§ **PROBLEM DESCRIPTION**:
A faithful copy of every entry, with the pictures removed, is what is needed here.

[Dataset records]
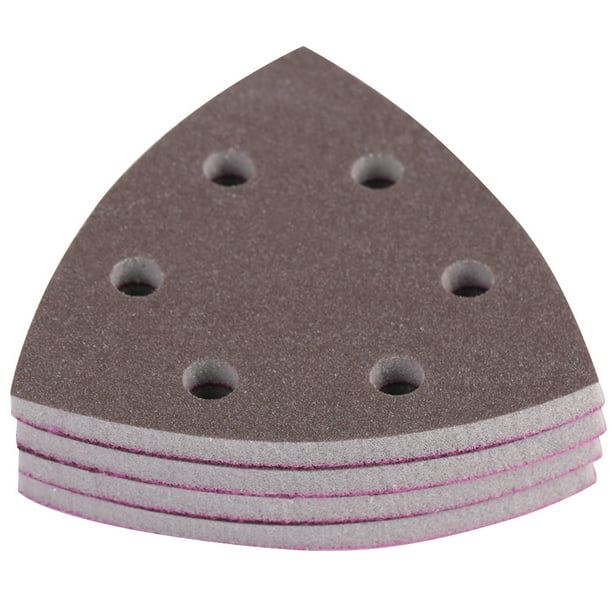 Papel de lija Nikou 4 piezas 6 agujeros triangular almohadillas de lijado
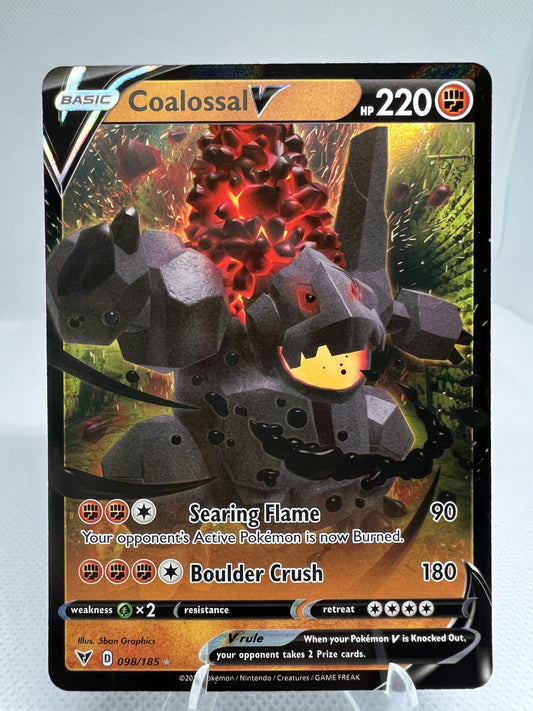 Coalossal V 098/185 Ultra Rare - 2020 Pokemon Vivid Voltage
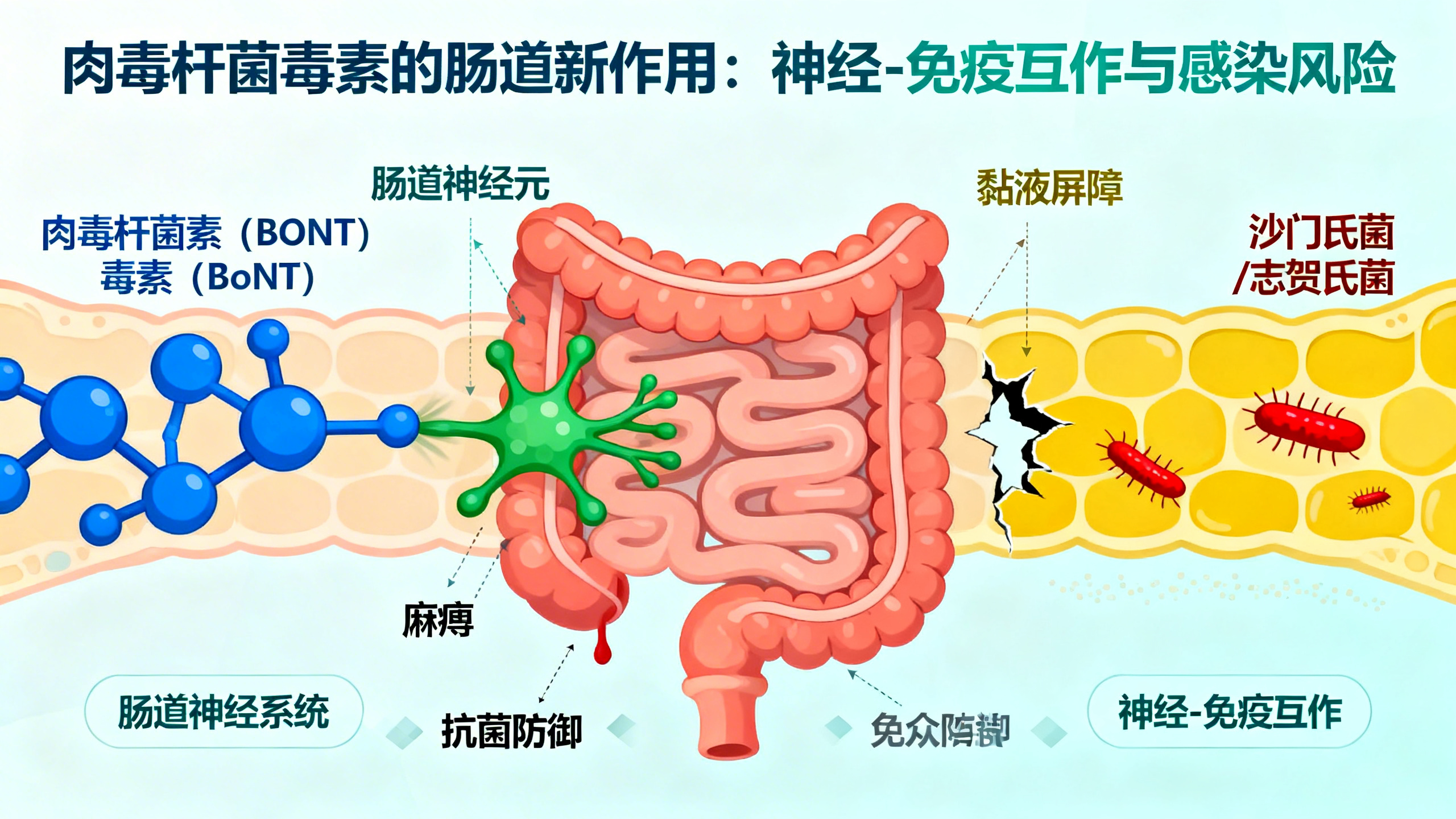 肠道肉毒杆菌毒素帮沙门氏菌和志贺氏菌“开门”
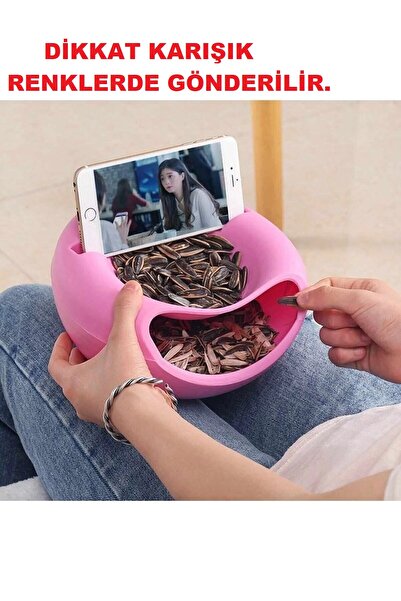 RELATOS Telefon Standlı Kuruyemiş Çerez Kasesi Tabağı Pratik Çerezlik Kabuk k...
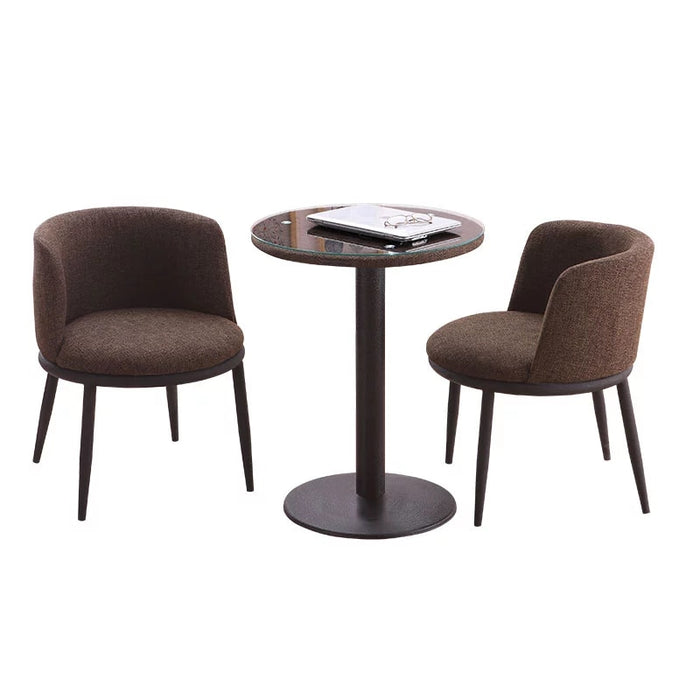 Modern Furniture Hotel Style Coffee Table , Two seater Chairs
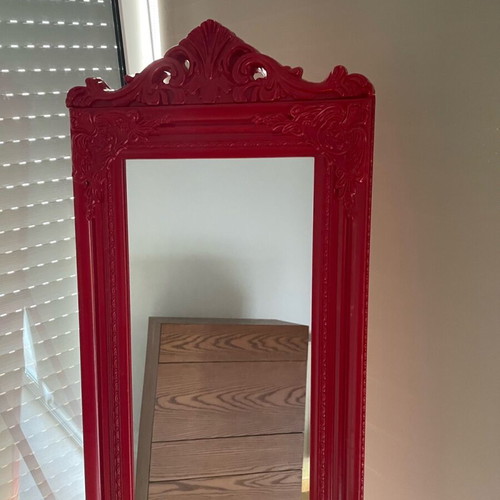 Kare design floor mirror used, red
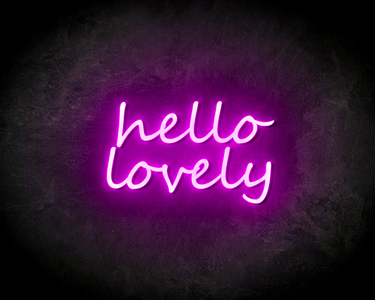 HELLO LOVELY neon sign - LED neon reclame bord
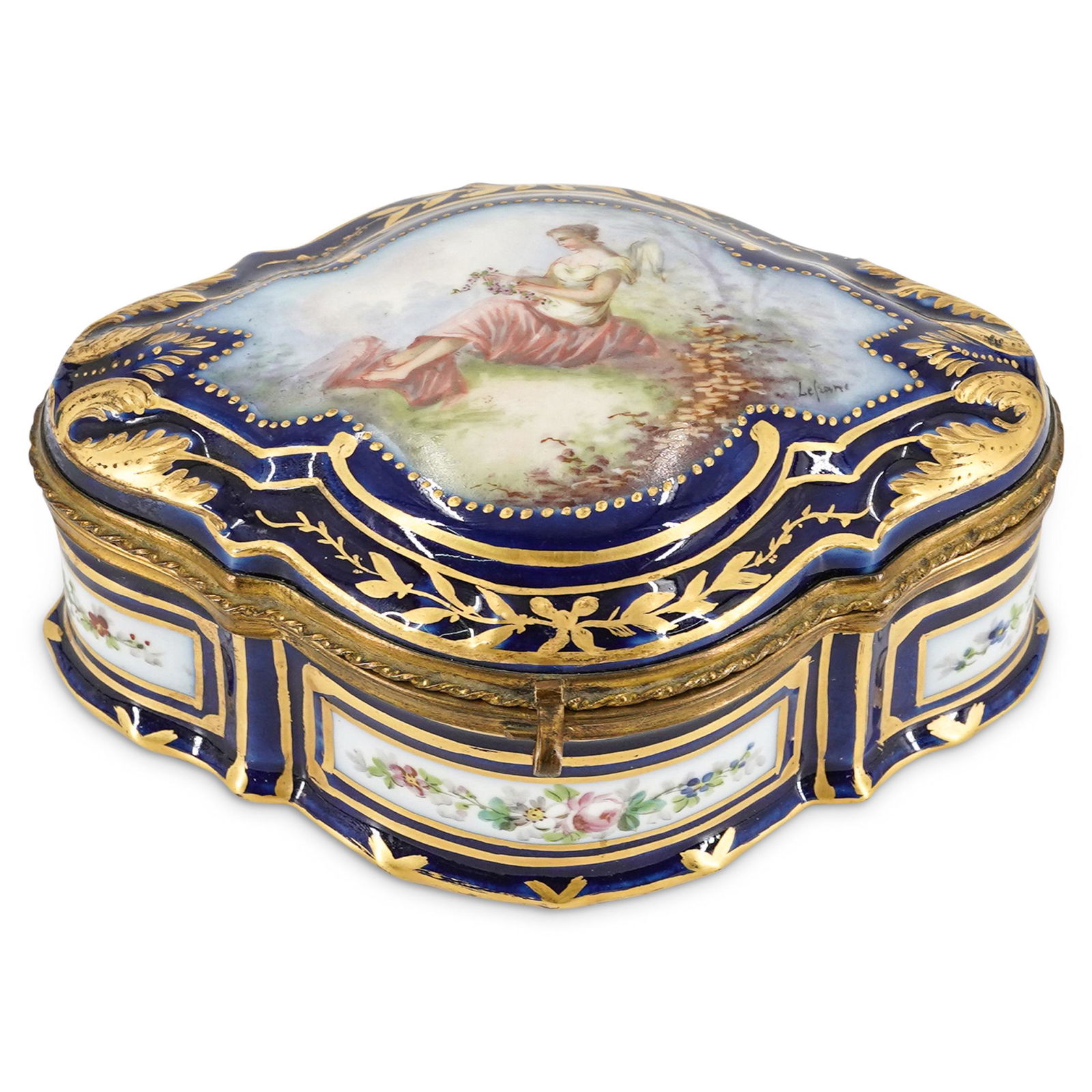 19th Century French Sevres Porcelain Box (1 of 10)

§ **OUTPUT FOR THIS TASK**:
 Papel de lija Nikou 4 piezas 6 agujeros triangular almohadillas de lijado
 Coalossal V 098/185 Ultra Rare - 2020 Pokemon Vivid Voltage
 肠道肉毒杆菌毒素帮沙门氏菌和志贺氏菌“开门”
 RELATOS Telefon Standlı Kuruyemiş Çerez Kasesi Tabağı Pratik Çerezlik Kabuk k...
 Modern Furniture Hotel Style Coffee Table , Two seater Chairs
 Kare design floor mirror used, red
 HELLO LOVELY neon sign - LED neon reclame bord
 19th Century French Sevres Porcelain Box (1 of 10)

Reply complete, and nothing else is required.